La ampliación de los BRICS para incluir nuevas economías como Arabia Saudí, Argentina o Irán apuesta por conformar un grupo de poder con el que construir un régimen multipolar, como contrapeso ante un sistema dirigido por economías que ya no mantienen el liderazgo que tenían en el pasado. Las economías occidentales pueden responder de múltiples modos a este nuevo impulso de los emergentes. Una respuesta puede ser reeditar la era de las áreas de influencia, a través de un refuerzo de los lazos de cooperación y comercio con los países en desarrollo, a la espera de lograr un equilibrio que recuerda a la Guerra Fría. Teniendo en cuenta que China es, hoy, el primer socio comercial de gran parte de dichos países, la estrategia requerirá de numerosos recursos y una gran generosidad, que ahora mismo ni está ni se la espera. Una segunda aproximación, no necesariamente excluyente, puede ser reforzar el régimen multilateral como “camisa de fuerza” que permitió cierta convivencia durante el siglo XX. Una situación de mínimos que no permitirá avanzar en la consecución de los retos globales que, como el cambio climático, no se pueden basar en la coexistencia, sino en la cooperación intensificada.
Una tercera opción, tampoco excluyente, es buscar un nuevo modelo de gobernanza más equilibrada en el que los países occidentales tendrán que ceder parcelas de poder. Hoy, en el FMI, cinco países tienen más del 40% de la capacidad de voto (Estados Unidos, Japón, Alemania, Francia y el Reino Unido), una cifra muy por encima de su peso económico actual global. Mientras esto ocurre, los BRICS, que representan más del 20% del PIB mundial, reúnen un poder de voto de menos del 10%, y compartido además con otros países en el sistema de grupos regionales.
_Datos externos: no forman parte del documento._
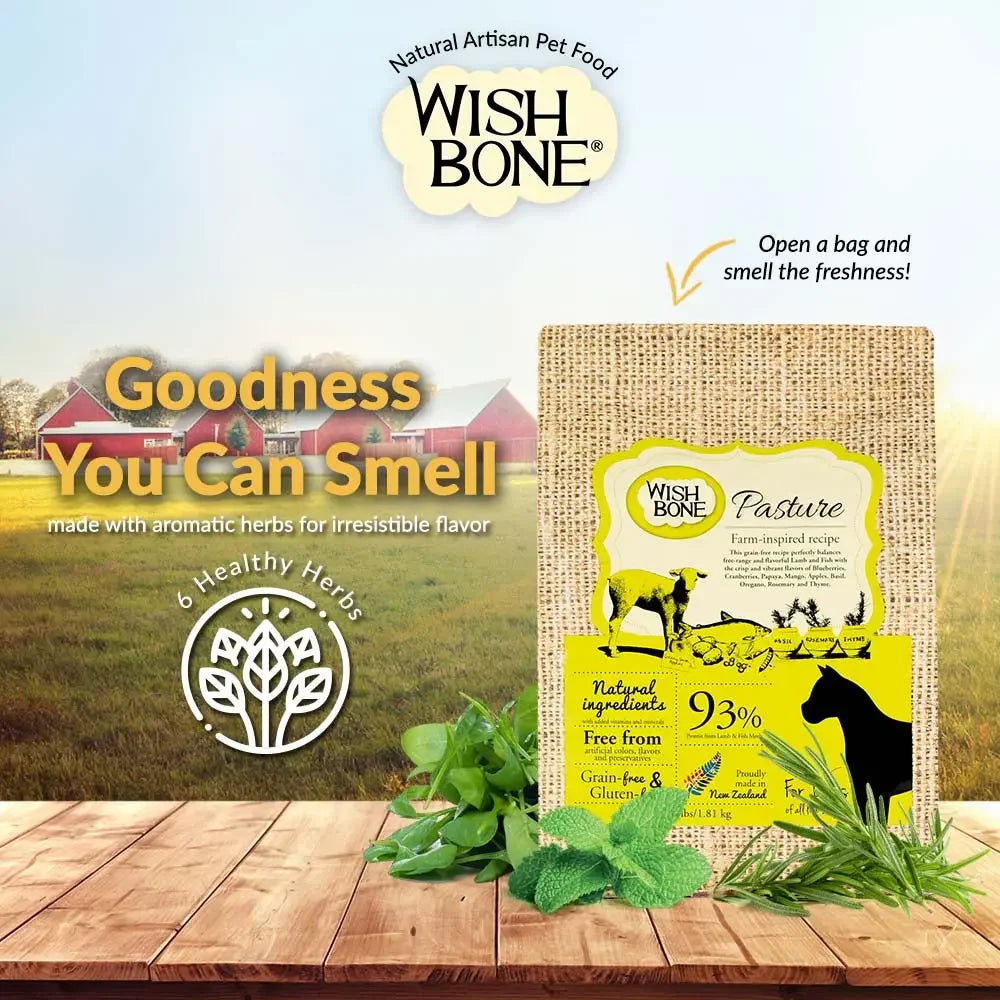 Wishbone Grain Free Pasture Free-range Grass-fed New Zealand Lamb Dry Dog Food Wishbone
Si queremos mantener el régimen de cooperación multilateral, es absolutamente imprescindible reformular el sistema de gobernanza de las organizaciones que lo tutelan, y, además, escuchar nuevas propuestas y negociar sobre ellas. Los retos globales que tiene por delante la economía internacional requieren de importantes acuerdos y una acción compartida, y estos acuerdos ya no pueden basarse exclusivamente en la manera en la que los occidentales ven el mundo. Para sociedades que tienden a considerar su posición como el modelo universal a seguir, cuanto antes veamos la perentoria necesidad de reconsiderar esta creencia, y actuemos en consecuencia, más probabilidades de éxito tendremos.